In my own personal case, I've found that most of my girlfriends are
disgusted at the thought of female homosexuality, but a surprising number
showed no aversion (three of them altogether), and they would consider it.
For them to overcome social stigma and admit to such a thing, leads me to
believe that female homosexuality/bisexuality is also hidden beneath the
surface in large numbers.

> I think a superb book, little if ever talked about by anthropologists (I
>guess they don't think it's cool) is "Sex and Reason" by Richard Posner
>(Harvard University Press). He talks about the fact that some guys are
>straight but they'll settle for a man when they can't get a woman.

Which also fits into what I am talking about subverted or hidden
bisexuality.
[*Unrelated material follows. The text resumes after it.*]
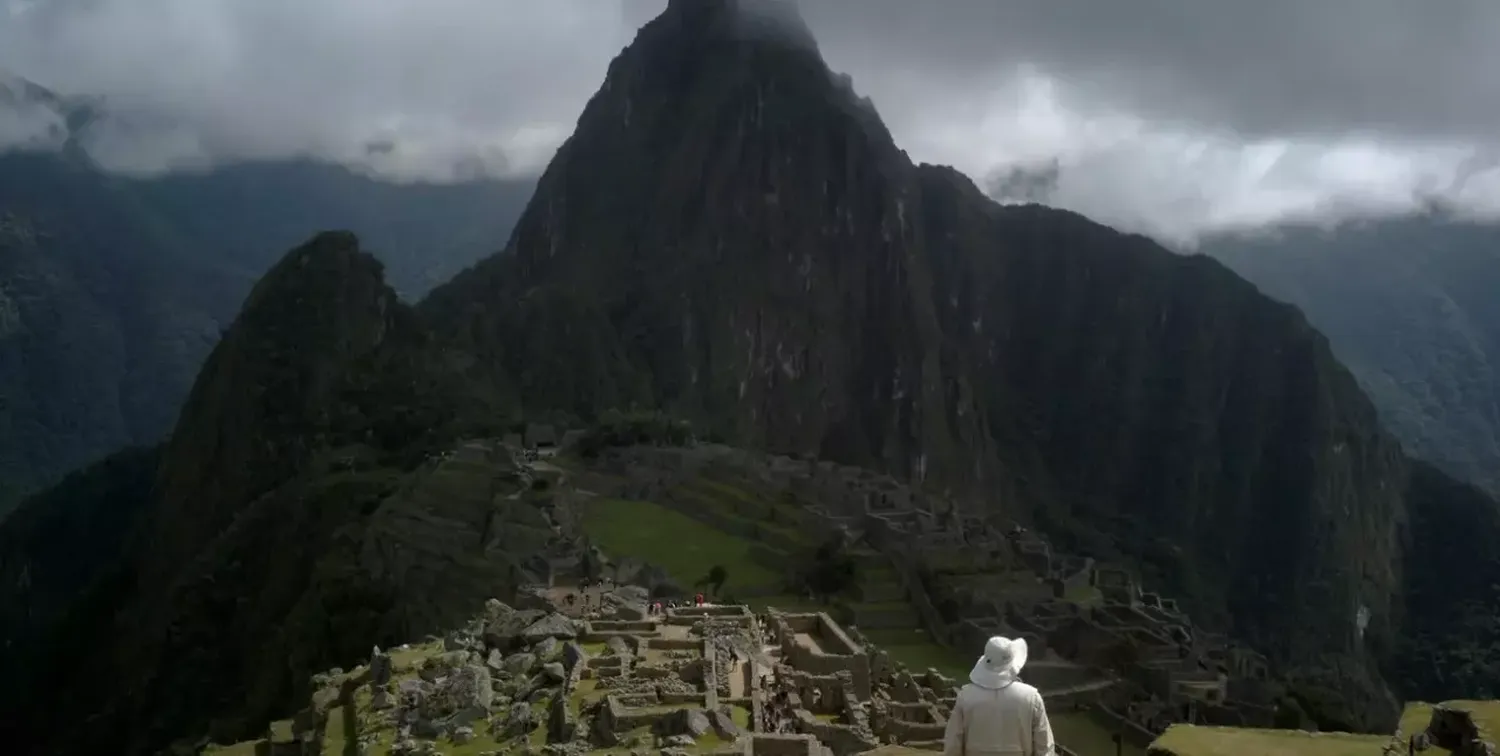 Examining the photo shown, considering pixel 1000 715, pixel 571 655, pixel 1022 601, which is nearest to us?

You have to have a some sort of attraction to settle for this
situation. It may not be their predominant preference, but something has to
be there to even get started.

>What I
>always wonder is why in many societies, there is no possibility of
>homosexuality. There is no option. No one ever heard of such a thing.
>Certainly among the Taman of Kalimantan I tried to ascertain whether anyone
>had been a homosexual and people couldn't understand what I was talking

How did you ask them? How one asks the question determines what answer one
gets back. If you ask them, "have you ever known a man to make love to a
man, or a woman to make love to woman?", though it would be direct and
simple to understand on the surface, it is vague at another level, and
therefore you will not get a proper answer. Now if you ask about individual
actions, like do men sleep together with each other at night, and whether
they masturbate with each other -- and the same question of the women --
you might get answers back which would indicate homosexuality by practice,
if not by name.

In many cases, I am sure that they may consider certain actions of
male-male relationships or female-female relationships to be just acts of
friendship, but in other cultures it is considered sexuality. Homosexuals
and bisexuals may subsist on these "friendly" acts.

>Appell reports the same for the Rungus Dusun (see his article in
>"Female and Male in Borneo"). My mentor the late Kenneth Payne, who was
>himself gay, and who studied the Bagobo, also said that homosexuality was
>incomprehensible among the Bagobo. And this is in the Philippines, where
>homosexuality is as acceptable as is ever the case anywhere in the world.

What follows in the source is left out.